+++ Provided data +++

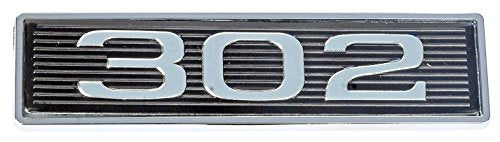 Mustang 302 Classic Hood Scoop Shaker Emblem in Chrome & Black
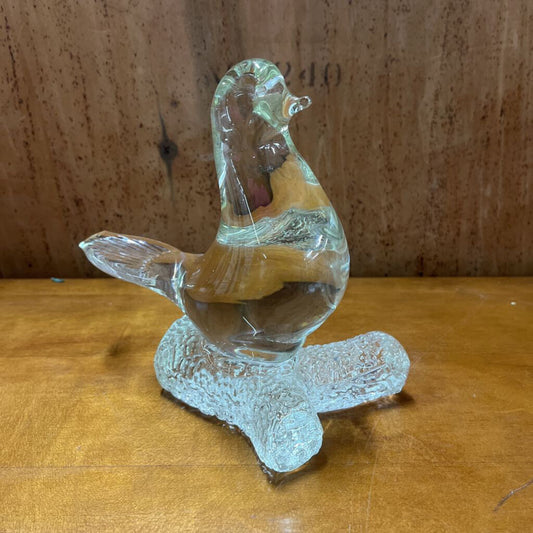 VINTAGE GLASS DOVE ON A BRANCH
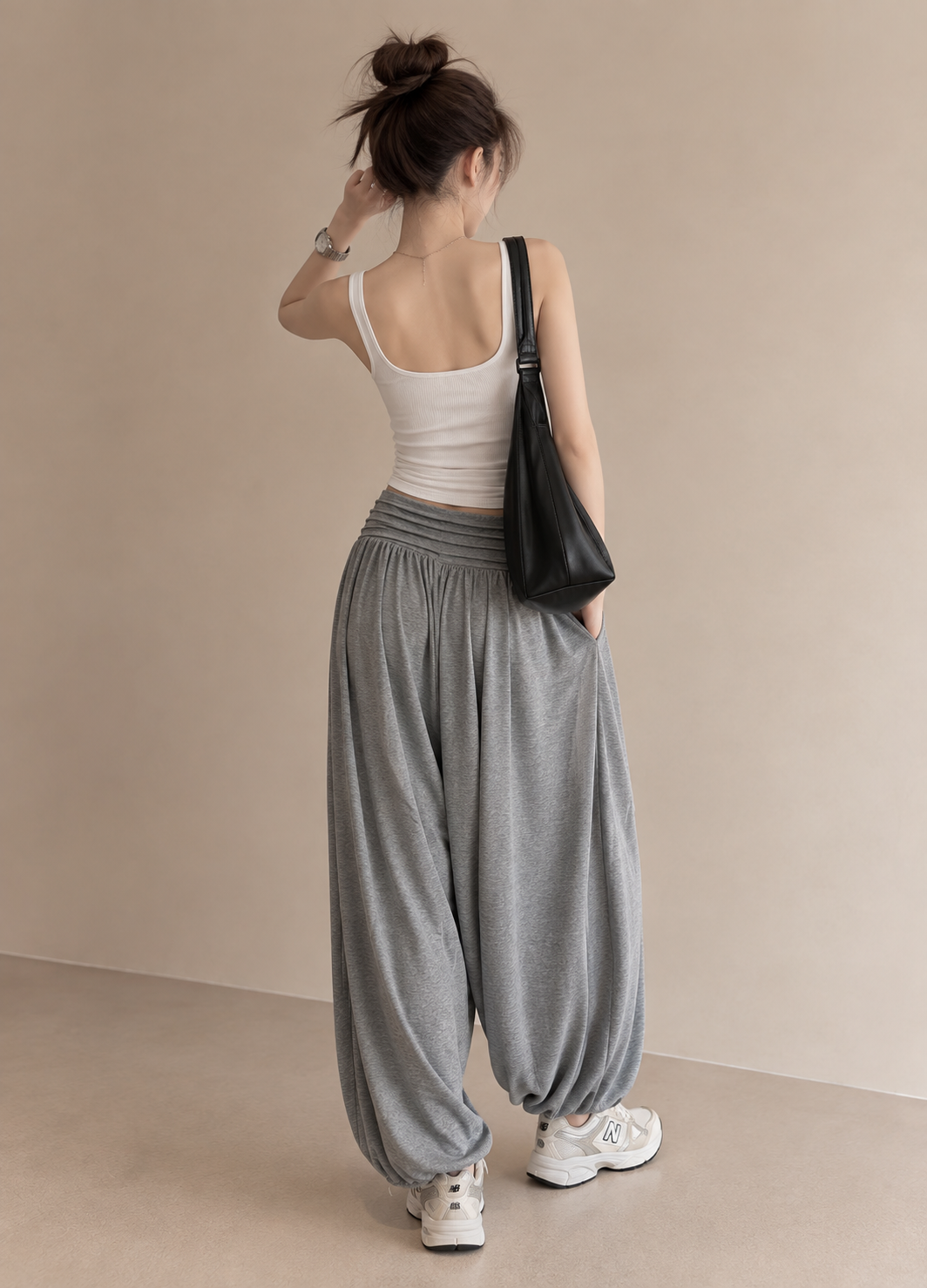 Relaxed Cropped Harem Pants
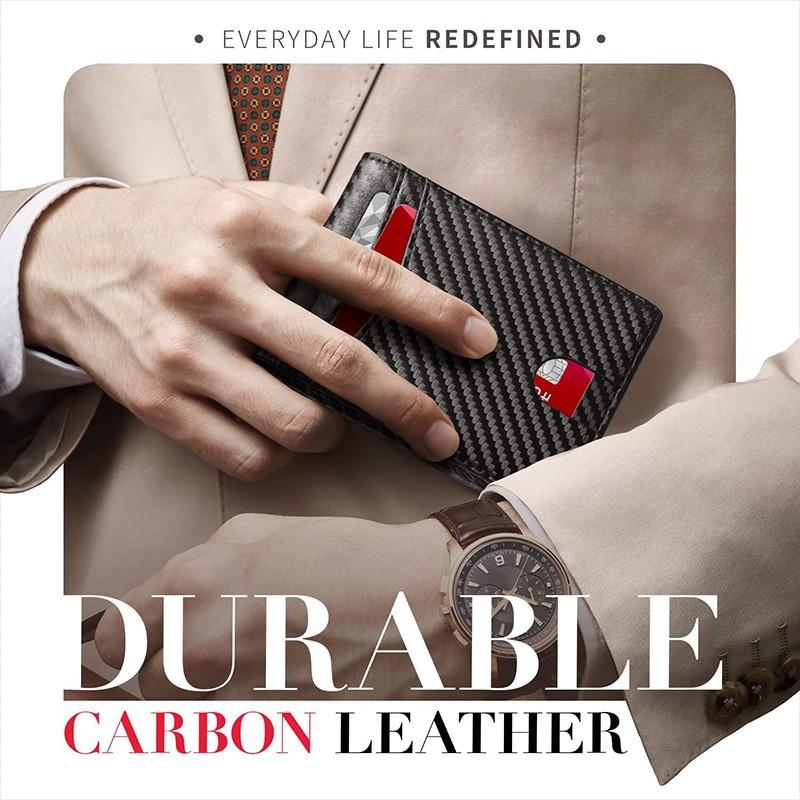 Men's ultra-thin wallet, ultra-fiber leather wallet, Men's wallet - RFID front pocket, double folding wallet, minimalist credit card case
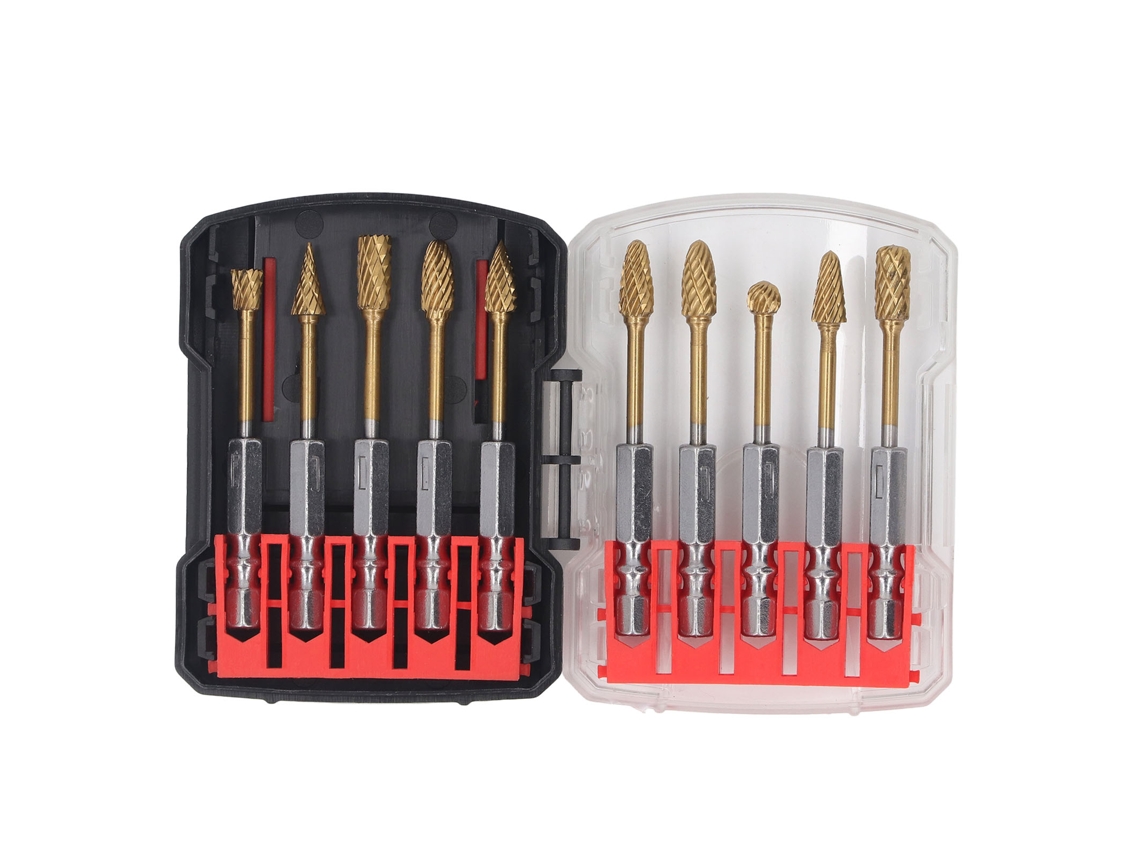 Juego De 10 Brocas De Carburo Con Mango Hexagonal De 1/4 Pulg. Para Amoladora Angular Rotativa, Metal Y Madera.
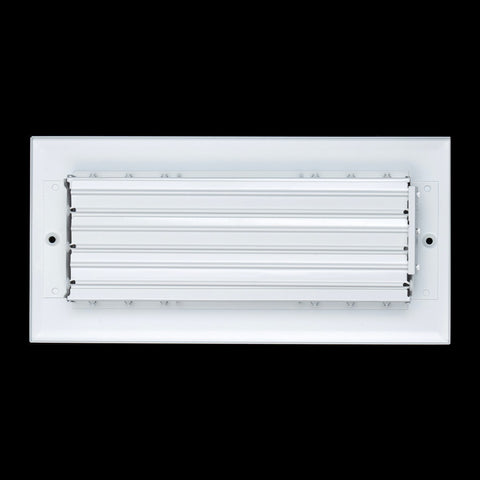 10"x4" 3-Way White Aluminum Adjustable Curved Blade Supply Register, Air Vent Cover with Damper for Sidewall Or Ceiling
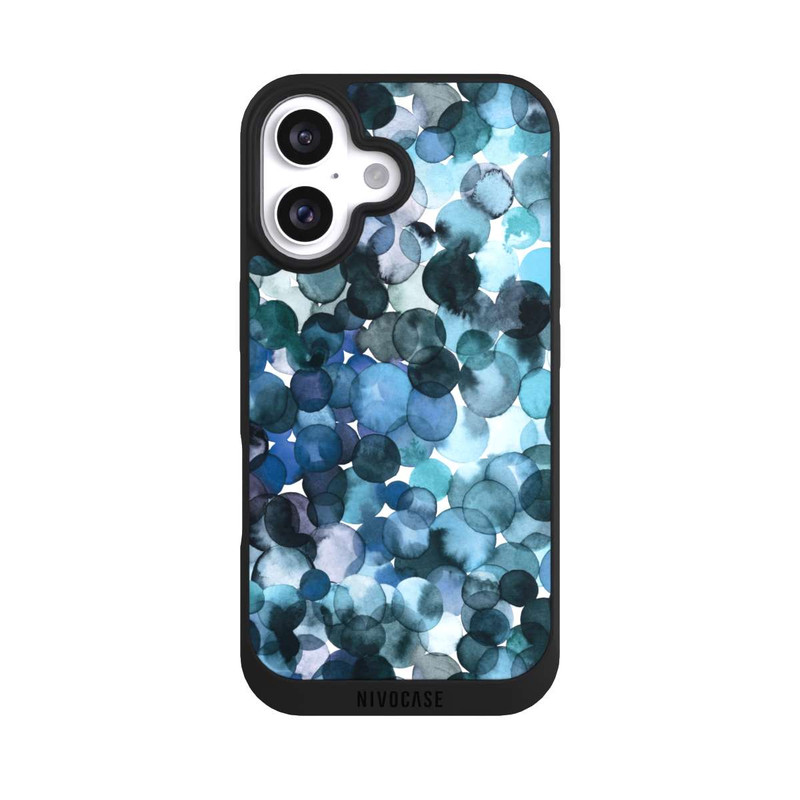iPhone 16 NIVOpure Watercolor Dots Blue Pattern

+++

Task item - Each line from the start of the entries above through the line with "Men's ultra-thin wallet, ultra-fiber" should be duplicated exactly, leaving out the pictures.

Reply to the task -
 Mustang 302 Classic Hood Scoop Shaker Emblem in Chrome & Black
 VINTAGE GLASS DOVE ON A BRANCH
 Relaxed Cropped Harem Pants
 Men's ultra-thin wallet, ultra-fiber leather wallet, Men's wallet - RFID front pocket, double folding wallet, minimalist credit card case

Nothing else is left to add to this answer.